Exercise brief -
Repeat every record exactly, omitting the pictures.

Exercise input -
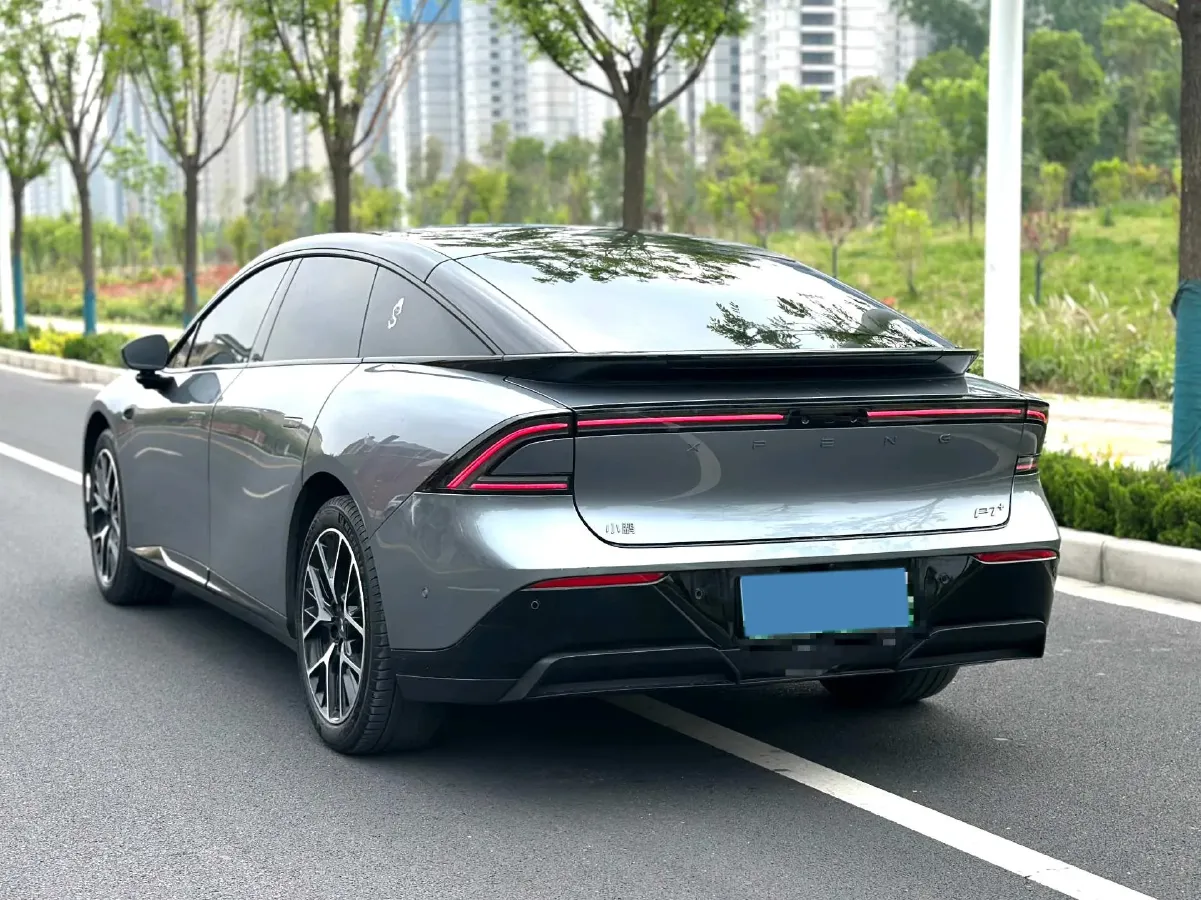 2025 Xpeng P7+ BEV,autocango,china used car exporter,china ev exporter,chinese used car exporter,chinese used ev exporter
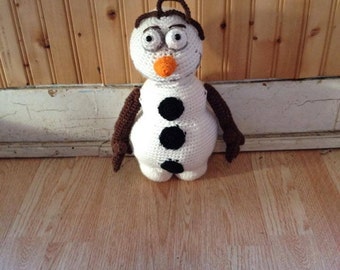 olaf stuffie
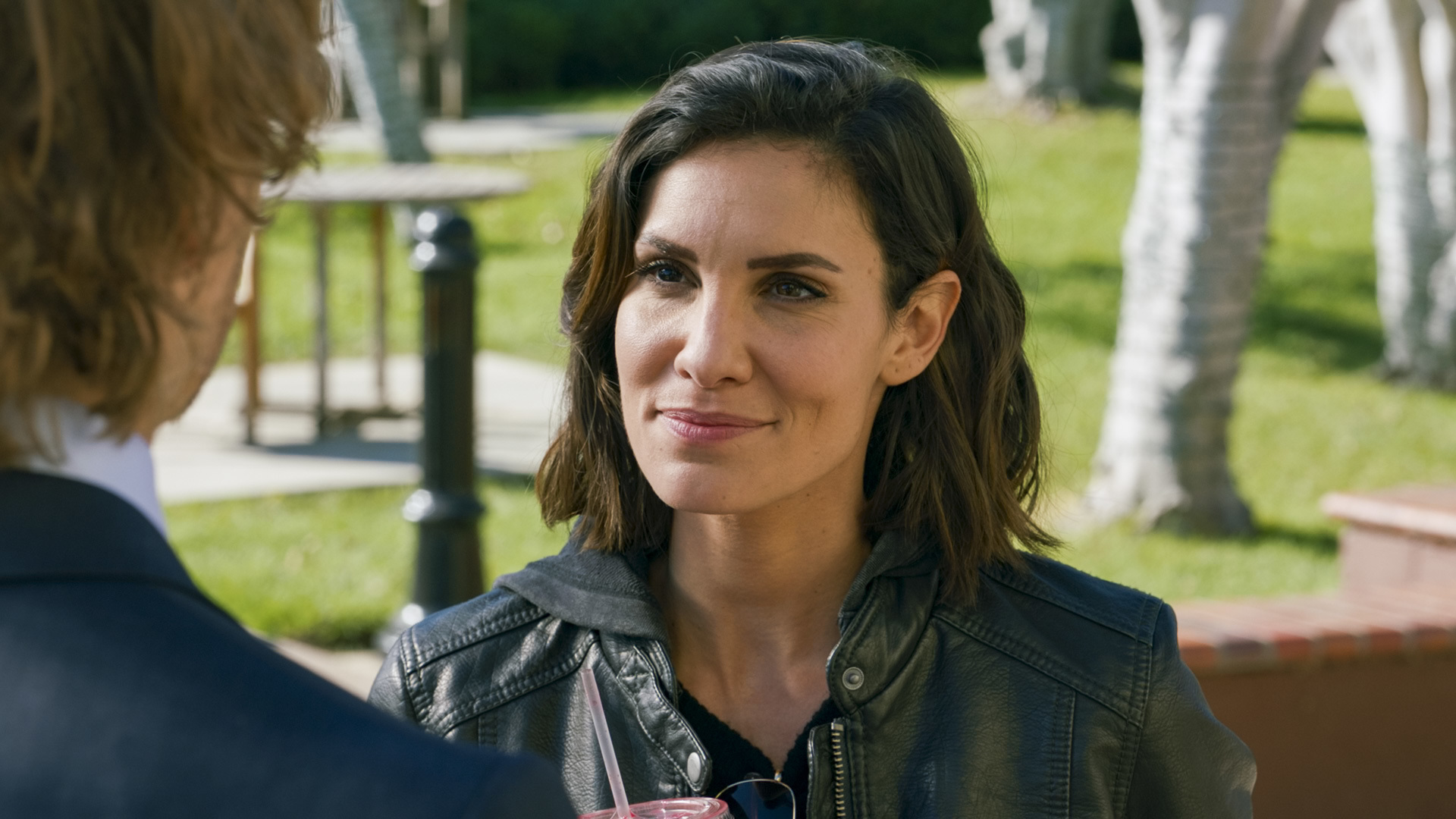 Daniela Ruah on NCIS Los Angeles |  CBS via Getty Images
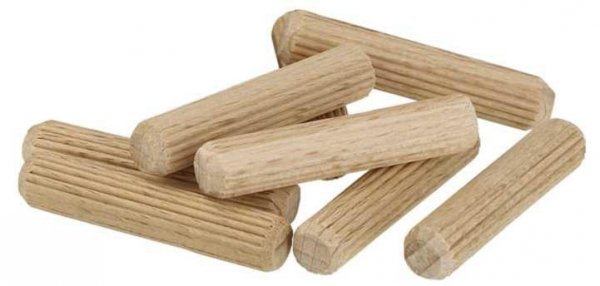 Kołek karbowany 10x40 mm (20 szt.)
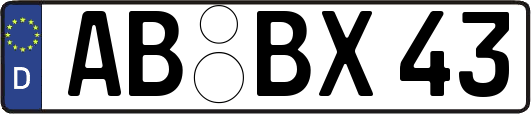 AB-BX43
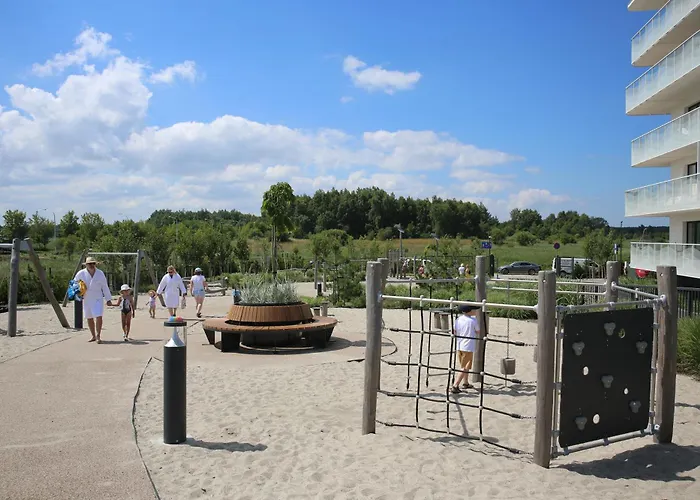 Appartamento Casa De La Luna A403 - Basen Parking Fitnes Bawialnia W Cenie - Polanki Aqua - *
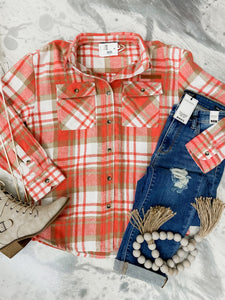 Simply Southern Lighten Perfection Shacket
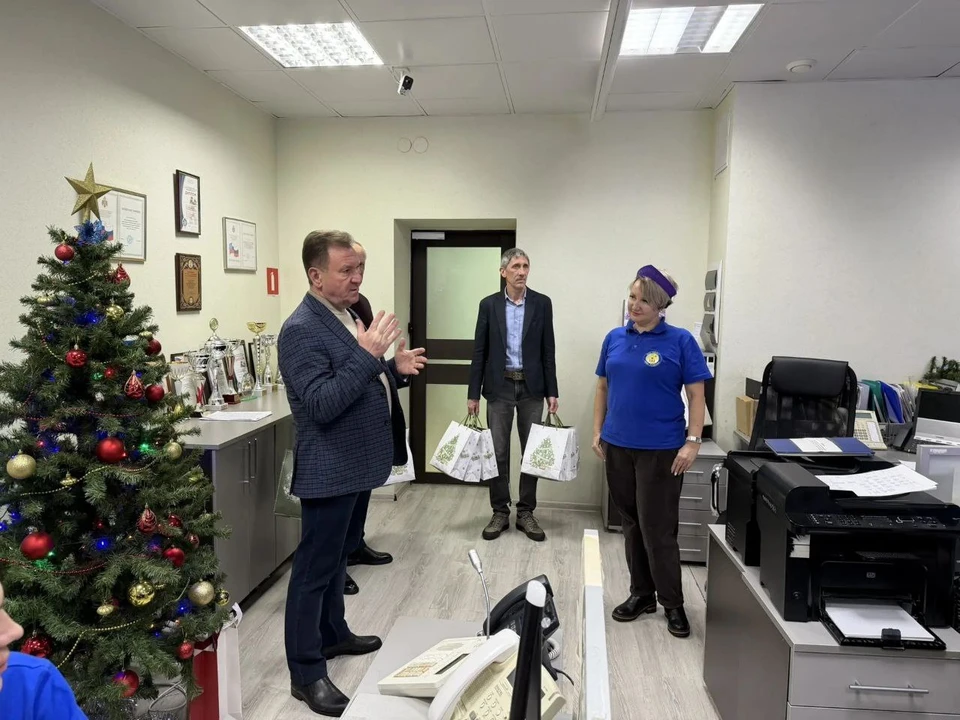 Первые часы Нового года в Ставрополе прошли без происшествий0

Task result -
 2025 Xpeng P7+ BEV,autocango,china used car exporter,china ev exporter,chinese used car exporter,chinese used ev exporter
 olaf stuffie
 Daniela Ruah on NCIS Los Angeles |  CBS via Getty Images
 Kołek karbowany 10x40 mm (20 szt.)
 AB-BX43
 Appartamento Casa De La Luna A403 - Basen Parking Fitnes Bawialnia W Cenie - Polanki Aqua - *
 Simply Southern Lighten Perfection Shacket
 Первые часы Нового года в Ставрополе прошли без происшествий0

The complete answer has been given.